_THE PROBLEM:_ Copy out exactly the lines below that run from the one holding "Highgate CBD Apartment" to the one holding "Tamizador Cernidor Inox", keeping both of those lines and no others.

_LISTED ENTRIES:_
++++
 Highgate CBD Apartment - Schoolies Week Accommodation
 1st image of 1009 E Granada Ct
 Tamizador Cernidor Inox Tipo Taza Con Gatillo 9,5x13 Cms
++++
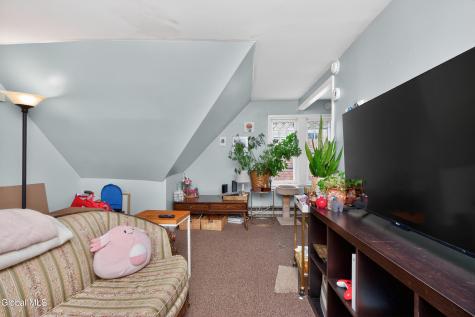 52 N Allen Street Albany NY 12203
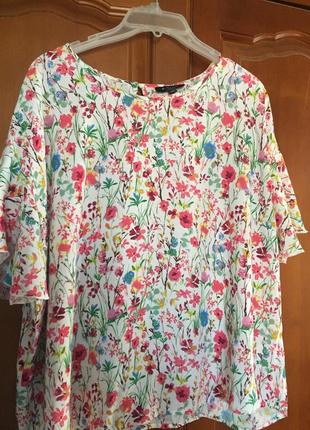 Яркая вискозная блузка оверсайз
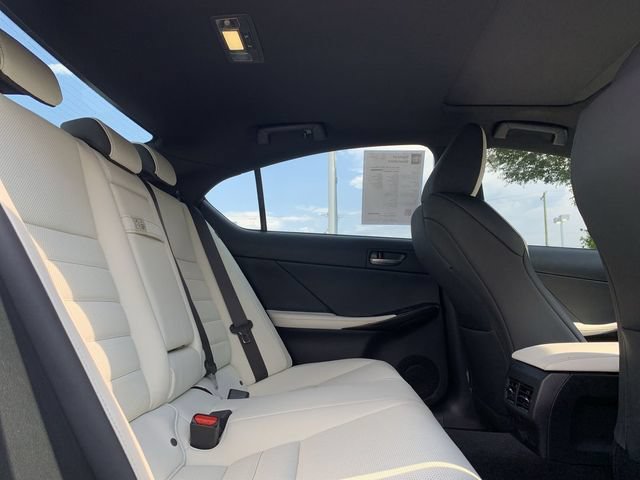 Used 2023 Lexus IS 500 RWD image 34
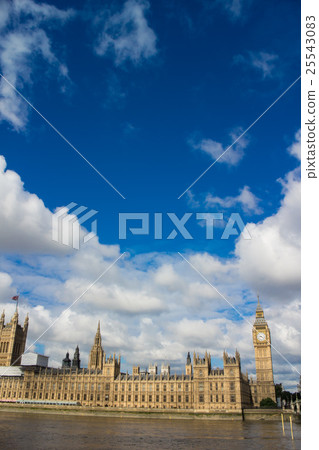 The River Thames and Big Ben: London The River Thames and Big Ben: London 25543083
++++
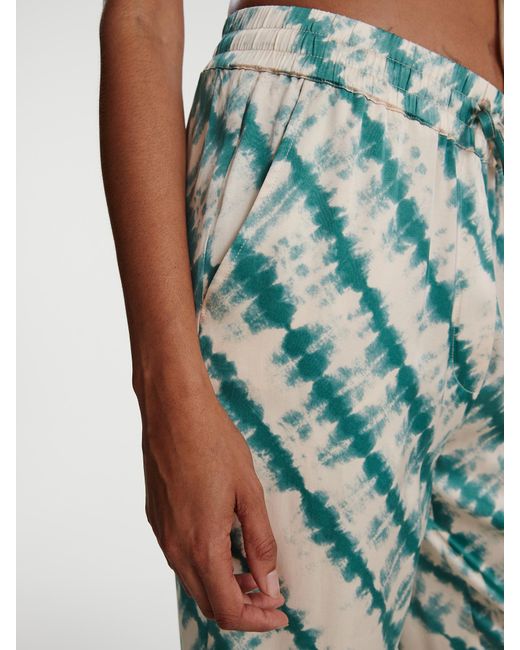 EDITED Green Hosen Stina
++++
_WRITTEN ANSWER:_
 Highgate CBD Apartment - Schoolies Week Accommodation
 1st image of 1009 E Granada Ct
 Tamizador Cernidor Inox Tipo Taza Con Gatillo 9,5x13 Cms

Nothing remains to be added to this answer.